## The task
Ignore the pictures in the data below and set down exactly the lines from its first line through the line containing "Threebooy Jeans men".
━━━━━ Records to process ━━━━━
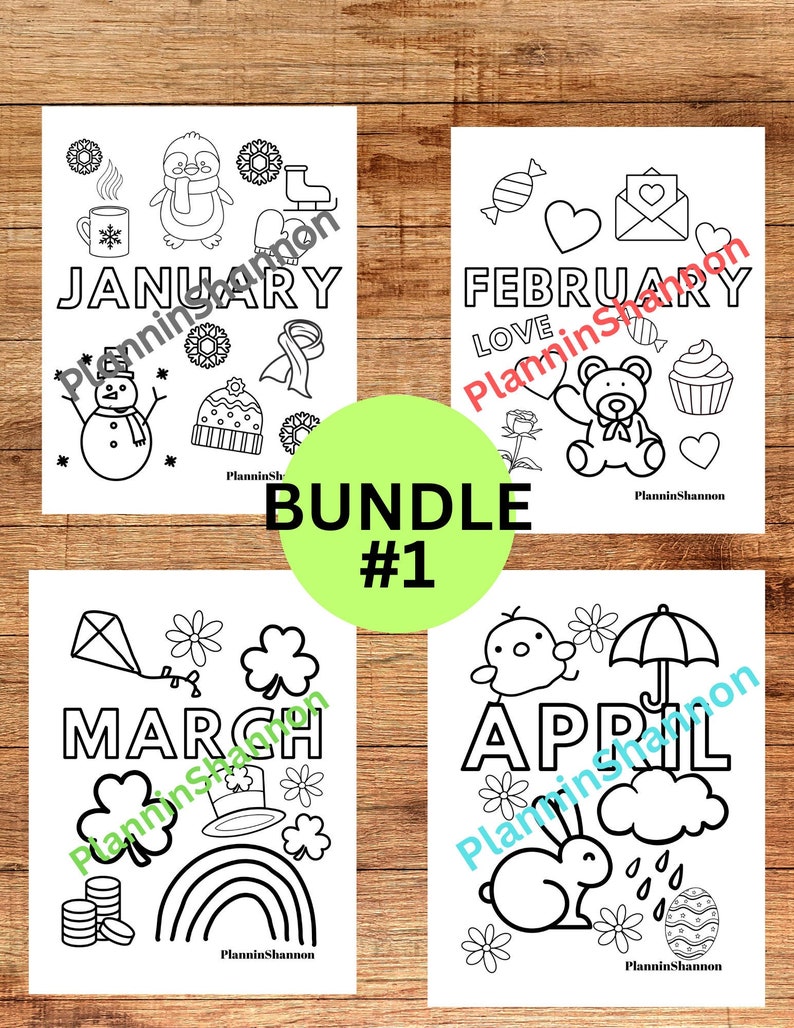 Hojas para colorear de los meses del año. Páginas para colorear de ...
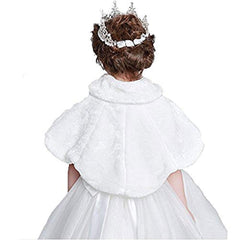 Kids Girl White Faux Fur Bolero Cardigan Shrug Cape Cloak Wedding Party Clothing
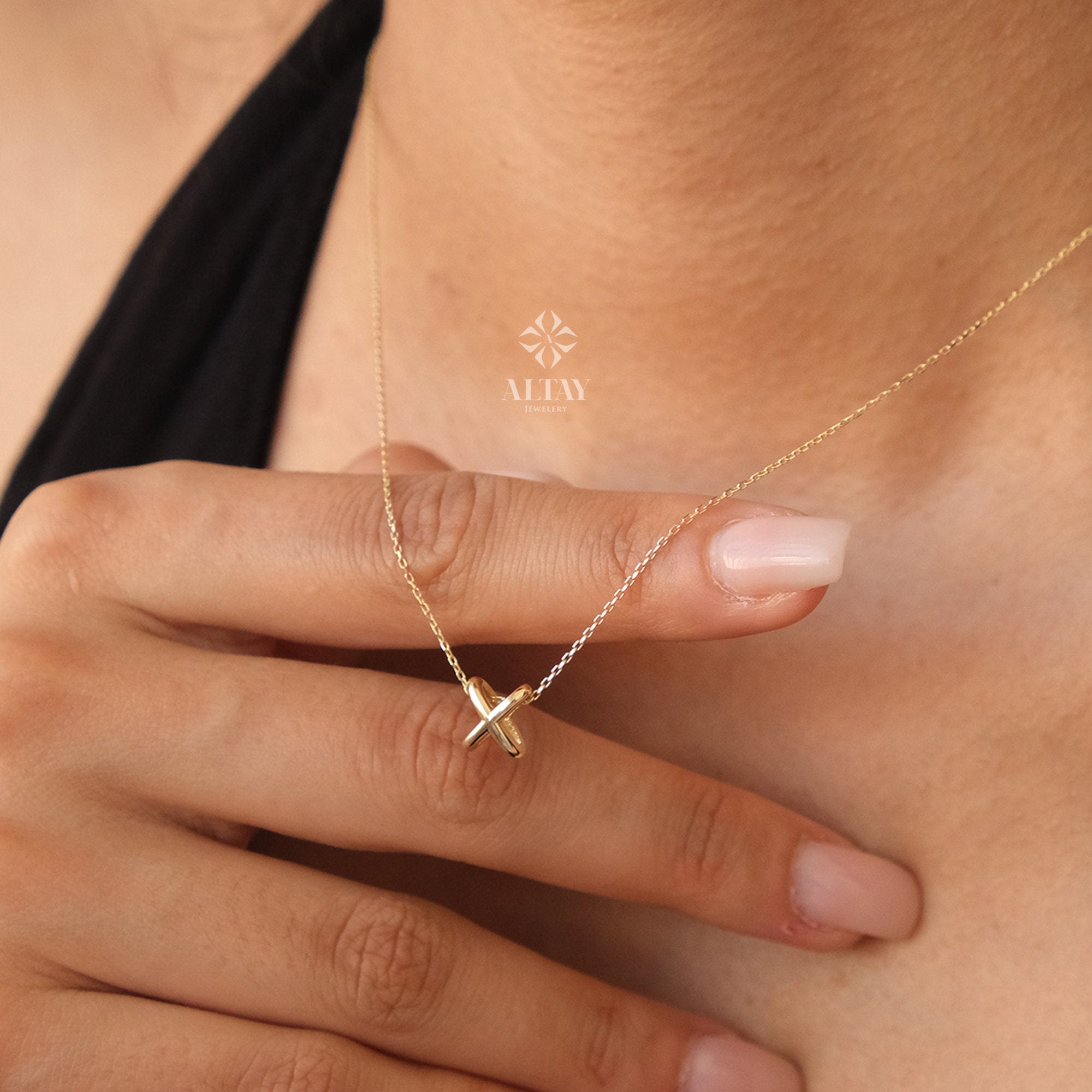 14K Gold X Necklace, Symbol Charm Necklace, X Kiss Necklace Minimalist Dainty Pendant, Alphabet X Pendant, Gold Charm Pendant, Birthday Gift
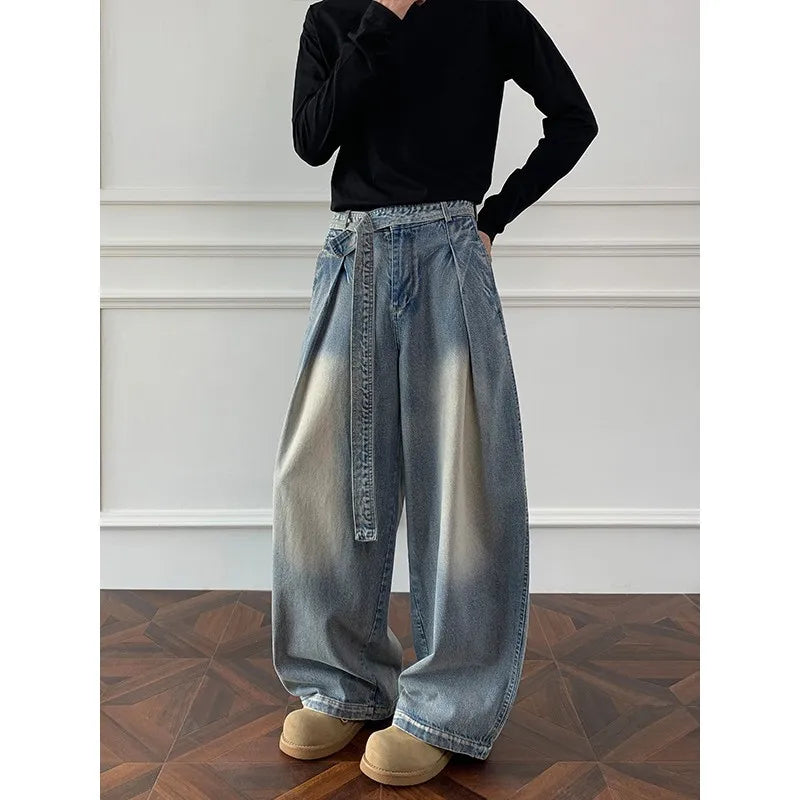 Threebooy Jeans men Wash Light Blue Relaxed Fit 2025 New Arrival High Quality Distressed Denim Pants Men Streetwear Fashion Youth Casual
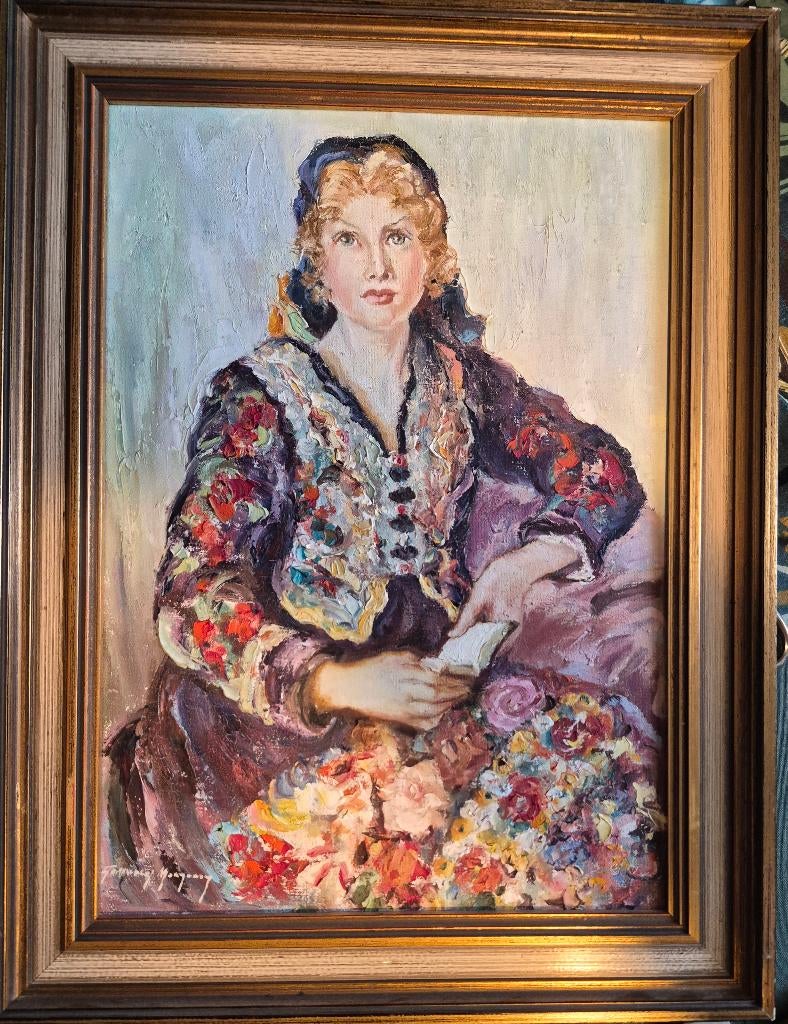 portret van een vrouw in traditionele kleding, Ophalen of Verzenden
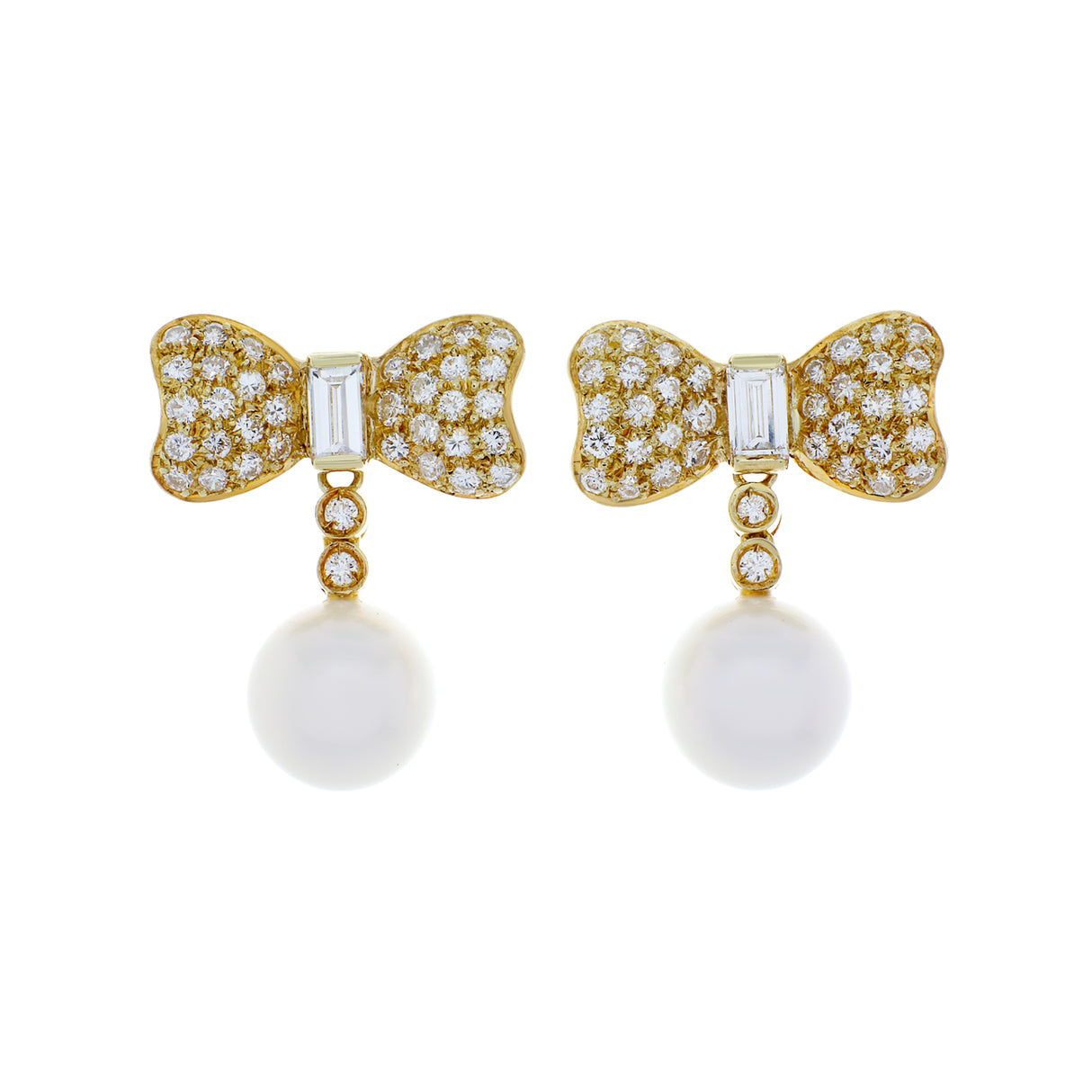 18K Yellow Gold South Sea Pearl Bow Earrings Fine Jewellery Modaselle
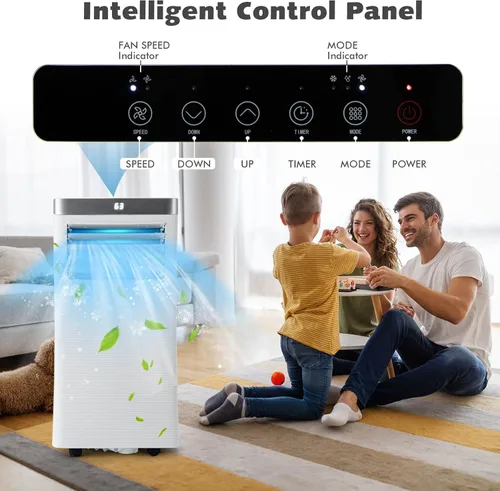 Miniatura 3 de LDAILY Aire acondicionado portátil de 10000BTU con control remoto, enfriador de aire 3 en 1 con 3 modos y 2 velocidades de viento, función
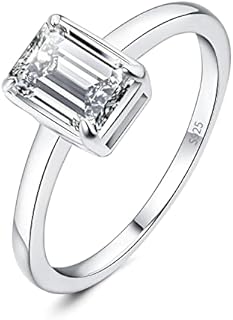 JewelryPalace Classic 1ct Emerald Cut Moissanite Solitaire Engagement Rings for Women, 925 Sterling Silver Promise Ring for Her, Simulated Diamond Anniversary Wedding Rings D-F VVS
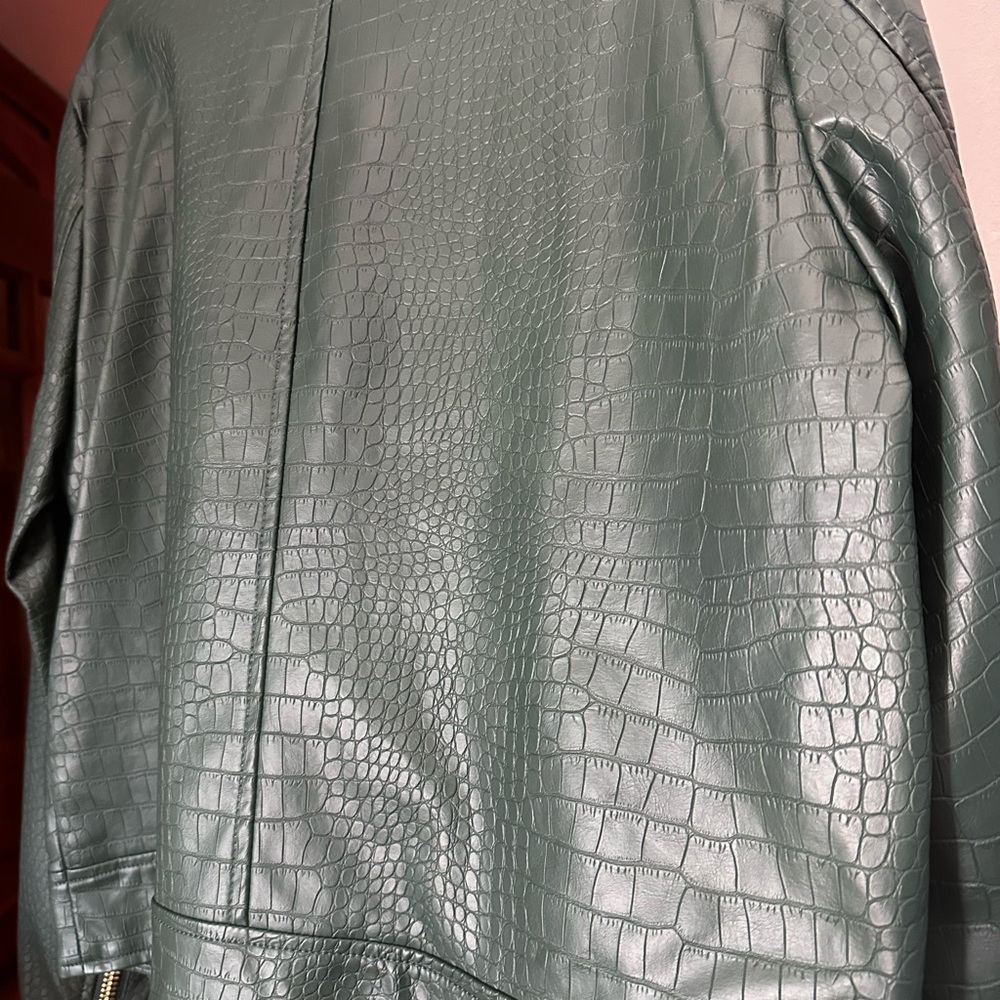 Catherine Malandrino Dark Green Croc-Embossed Moto Jacket - Picture 10 of 10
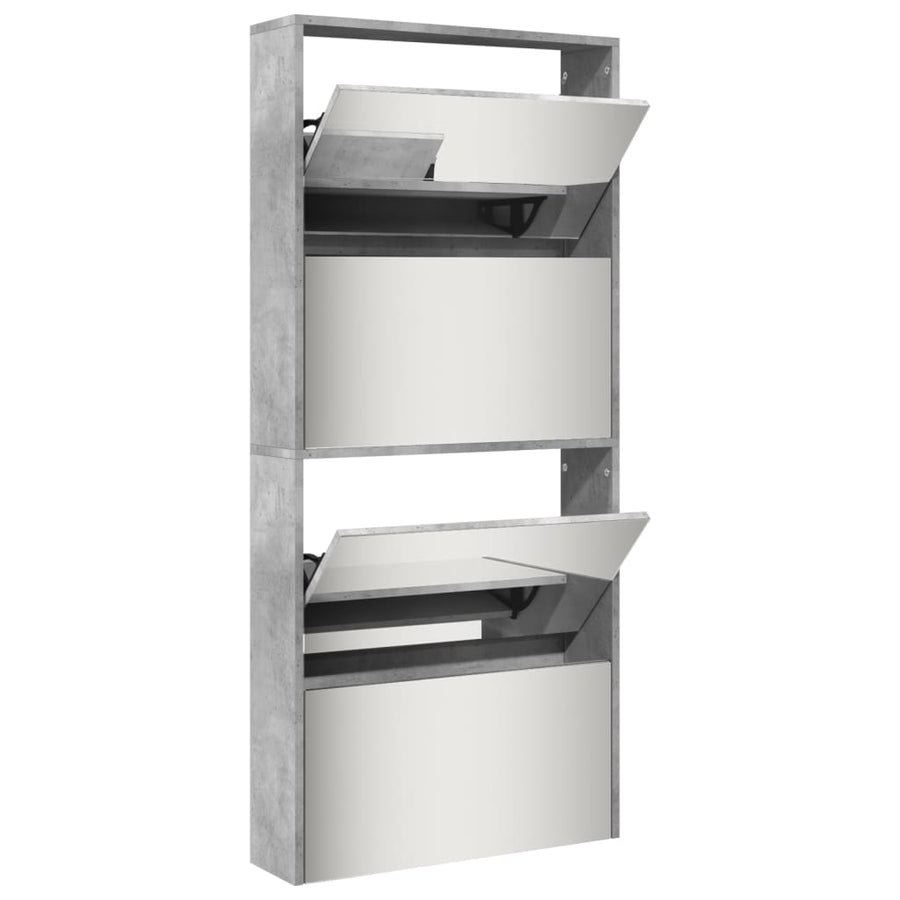 Schoenenkast met spiegel 4-laags 63x17x134 cm betongrijs Betongrijs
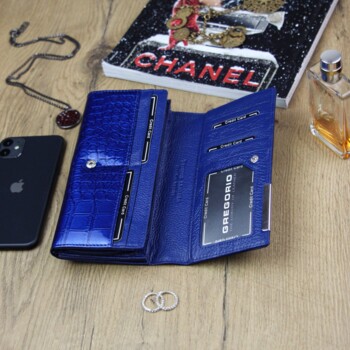 Dámska kožená peňaženka modrá - Gregorio Maia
━━━━━
## Task answer
 Hojas para colorear de los meses del año. Páginas para colorear de ...
 Kids Girl White Faux Fur Bolero Cardigan Shrug Cape Cloak Wedding Party Clothing
 14K Gold X Necklace, Symbol Charm Necklace, X Kiss Necklace Minimalist Dainty Pendant, Alphabet X Pendant, Gold Charm Pendant, Birthday Gift
 Threebooy Jeans men Wash Light Blue Relaxed Fit 2025 New Arrival High Quality Distressed Denim Pants Men Streetwear Fashion Youth Casual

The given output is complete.